June 27, 2012 3:13 PM EDT
Morgan Stanley (NYSE: MS) CEO, James Gorman, is tired of all the talk about breaking up large banks in America, and he thinks people should just calm down.

“This is a knee-jerk discussion that’s been going on…We need to just calm down, let this play out with the new regulation, the new capital rules, and at that point then figure out which businesses to accelerate and which businesses to slow down,” he said today during an interview with Eirk Schatzker on Bloomberg TV.

His comments were in response to increasing concern from the public and politicians that banks in the U.S. are too big to fail. Fears about too big to fail peaked in the U.S. following the collapse of Lehman Brothers and the bailout of AIG (NYSE: AIG), and they were reignited recently after JPMorgan (NYSE: JPM) announced a $2 billion trading loss in May of this year.

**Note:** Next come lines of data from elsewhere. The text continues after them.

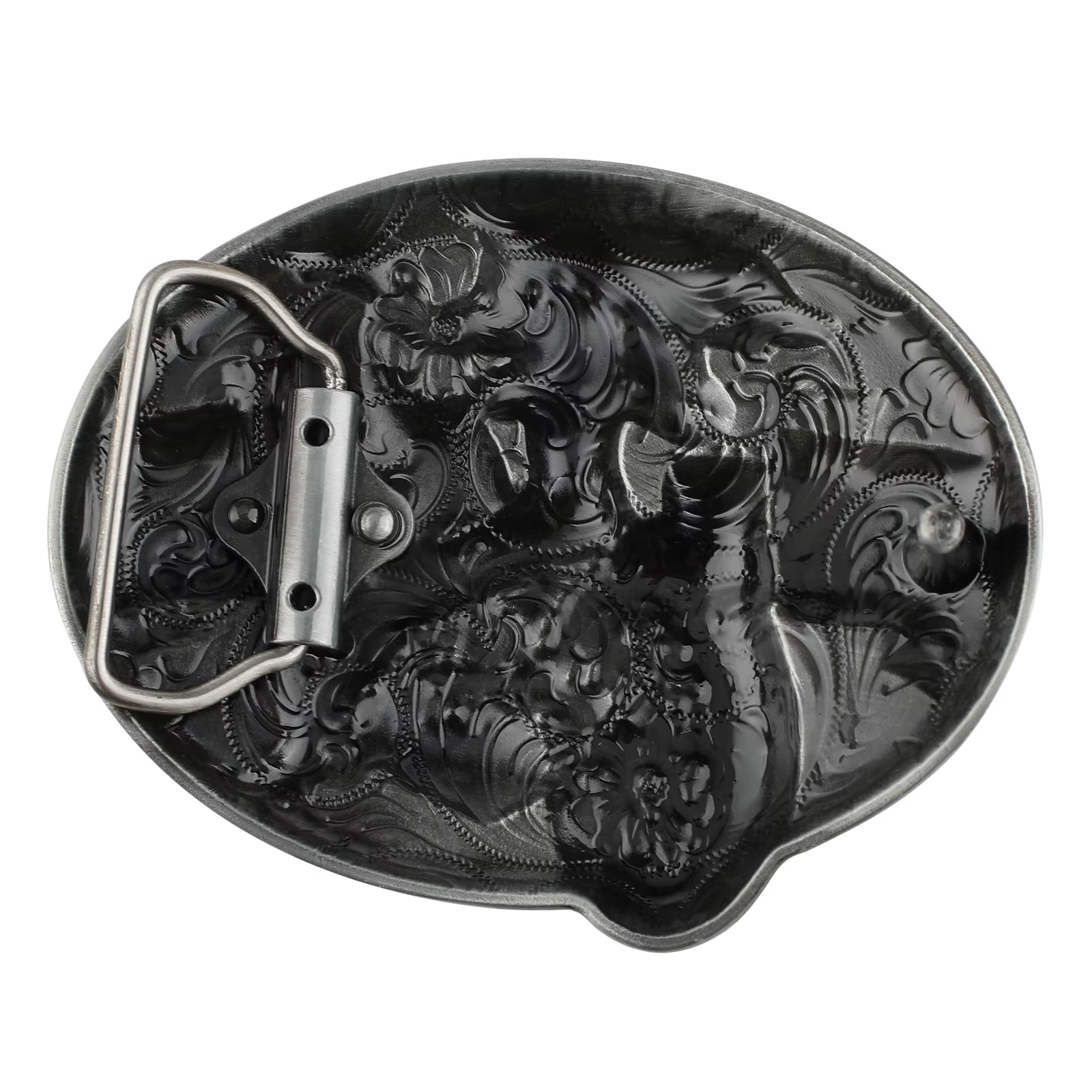 Boucle de ceinture de moto 4.0 pour hommes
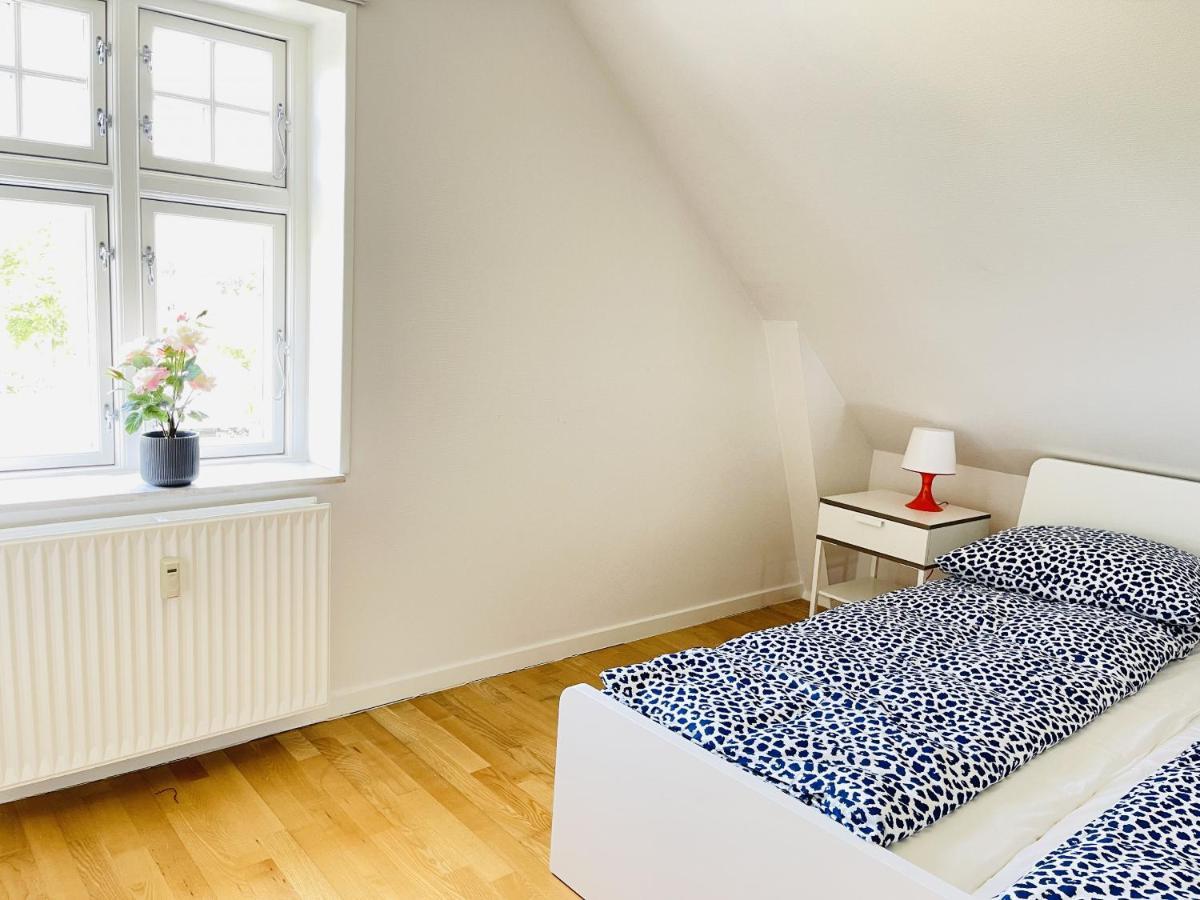 Aday - City Central Mansion - 4 Bedroom Apartment Ålborg Exteriör bild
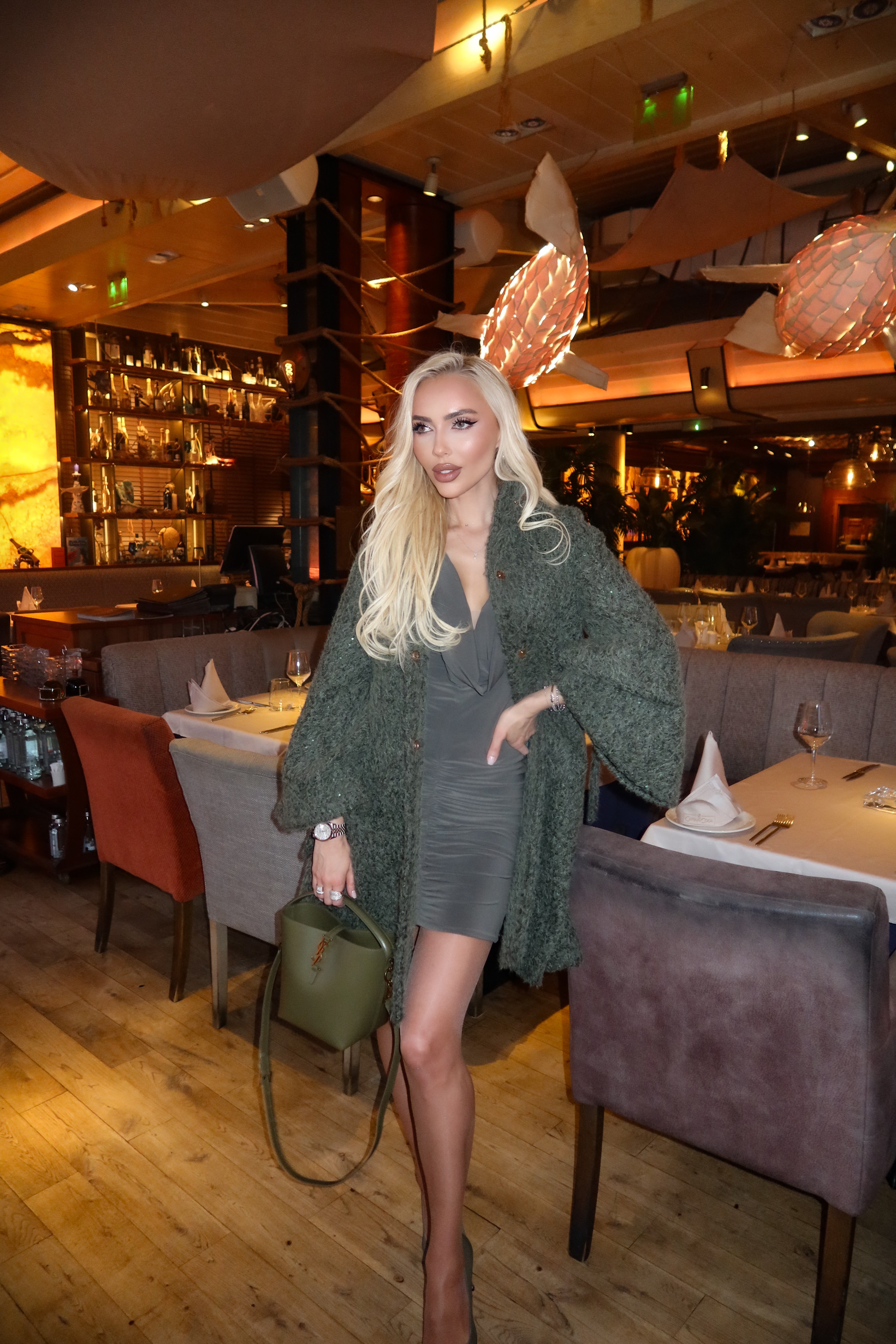 Палто "Chameleon”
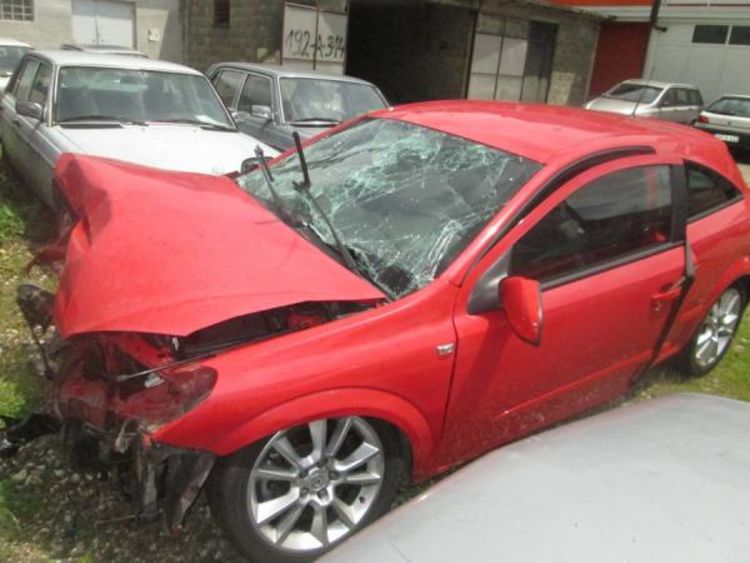 Banjalučanin poginuo kod Srpca, tri osobe teško povrijeđene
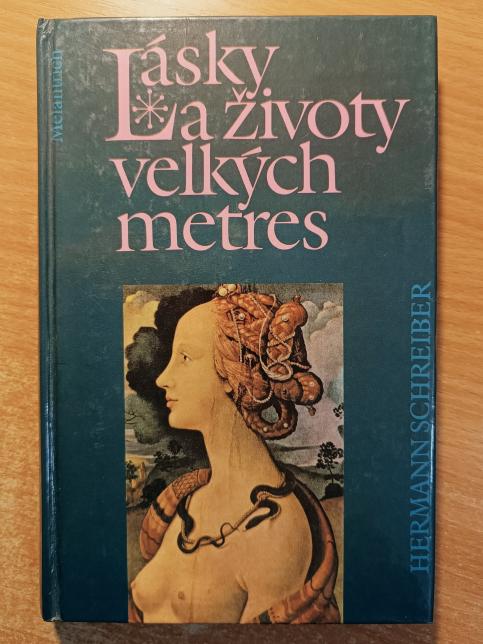 Lásky a životy velkých metres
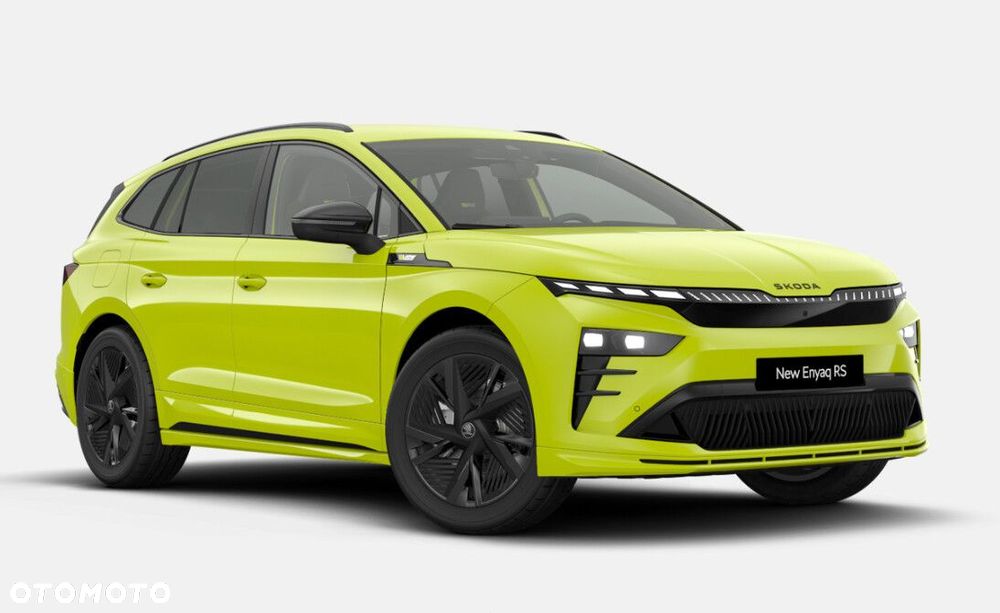 Skoda Enyaq RS 84kWh - 2
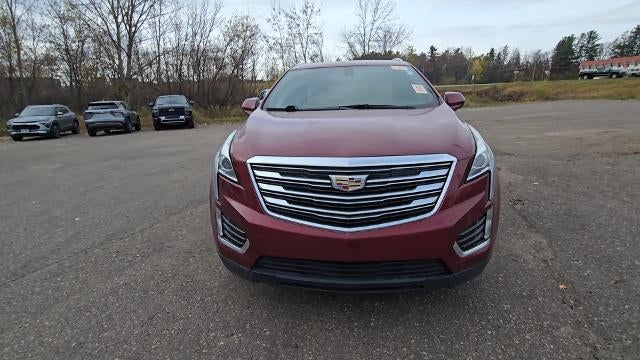 2018 Cadillac XT5 AWD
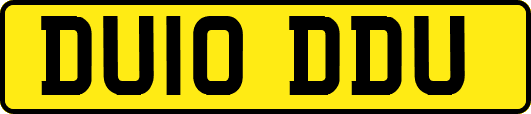 DU10DDU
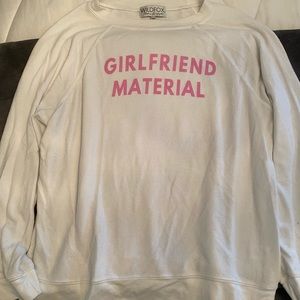 SUPER SOFT Girlfriend Material WILDFOX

In Gorman’s view, efforts to break up large banks are misguided and reaction driven.

“10 years ago it was exactly the opposite,” noted Gorman, “How do we put these institutions together? All of the sudden it’s how do we separate and break up these institutions.”

In other bank related news, Barclays has agreed to pay more than $450 million to resolve accusations that it attempted to manipulate Libor rates, the first settlement in a global investigation involving many of the world’s biggest banks. Regulators in the United States have issued subpoenas to several banks -- including Bank of America, UBS and Citigroup -- about how Libor was set, and Canada is investigating the activities of JPMorgan, Deutsche Bank and several other major banks about their activities around Libor.

Suffice to say, Gorman’s comments may fall on deaf ears as banks around the world are generally viewed by citizens as “vampire squids wrapped around the face of humanity”, a description coined by a former employee of Goldman Sachs (NYSE: GS).